(Data items)
"""

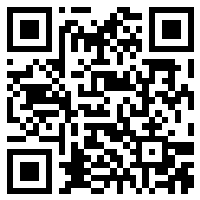 QR Code for 1AwagTrgjT7mdRajW2b5ZPhrw6obddJ792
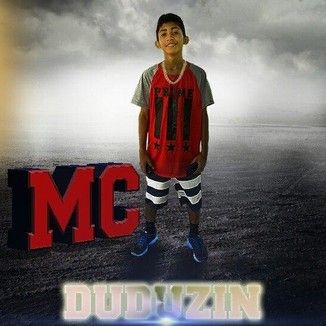 Foto da capa: Mc Duduzim Feat. Wanderson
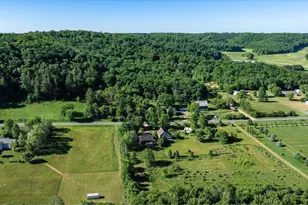 E2387 570th Ave, Lucas Township, WI 54751 - Photo 55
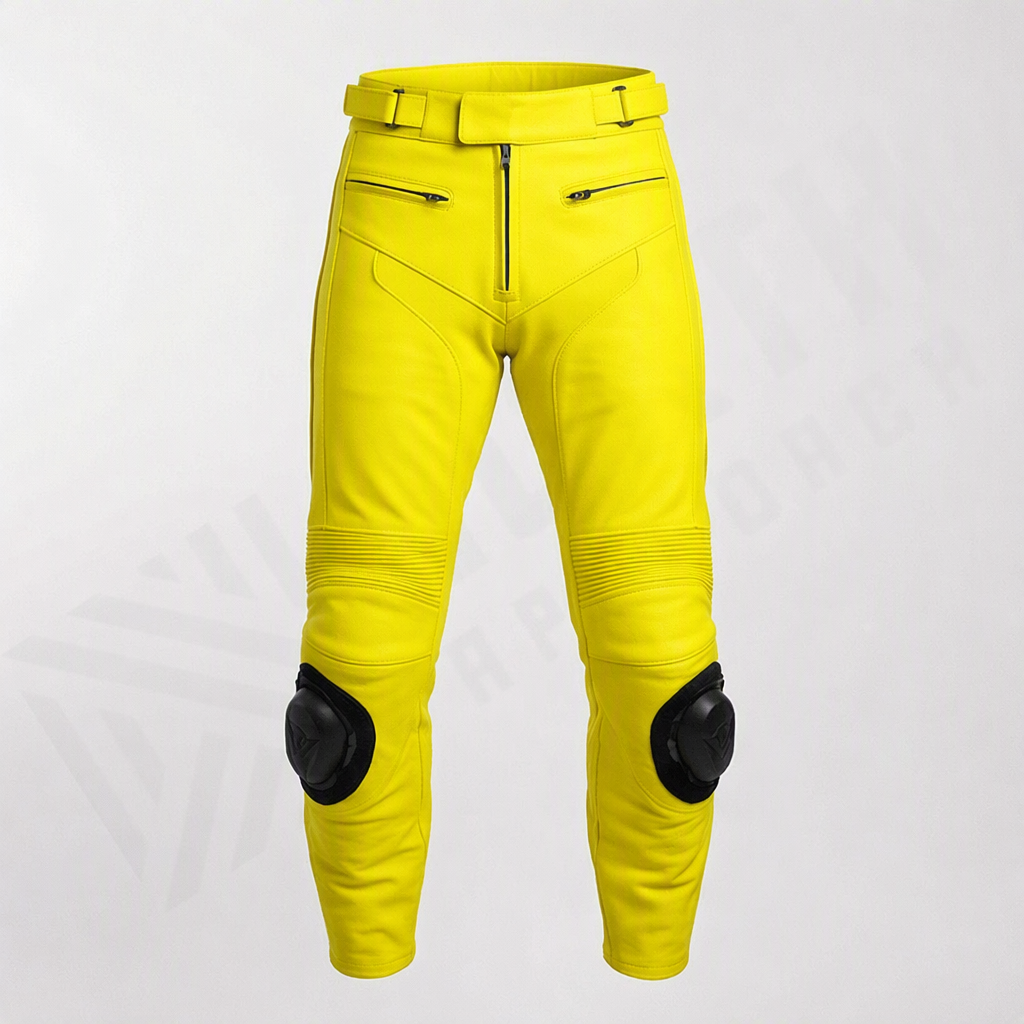 Jaune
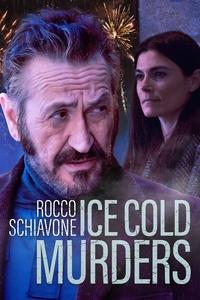 Rocco Schiavone: Ice Cold Murdershttps://image.pbs.org/video-assets/OYah2nF-asset-mezzanine-16x9-y1pZ9LK.jpeg.fit.160x120.jpg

"""

◆ Work instructions: When you copy the data above, keep each line exact and omit the pictures.

◆ Your solution:
 QR Code for 1AwagTrgjT7mdRajW2b5ZPhrw6obddJ792
 Foto da capa: Mc Duduzim Feat. Wanderson
 E2387 570th Ave, Lucas Township, WI 54751 - Photo 55
 Jaune
 Rocco Schiavone: Ice Cold Murdershttps://image.pbs.org/video-assets/OYah2nF-asset-mezzanine-16x9-y1pZ9LK.jpeg.fit.160x120.jpg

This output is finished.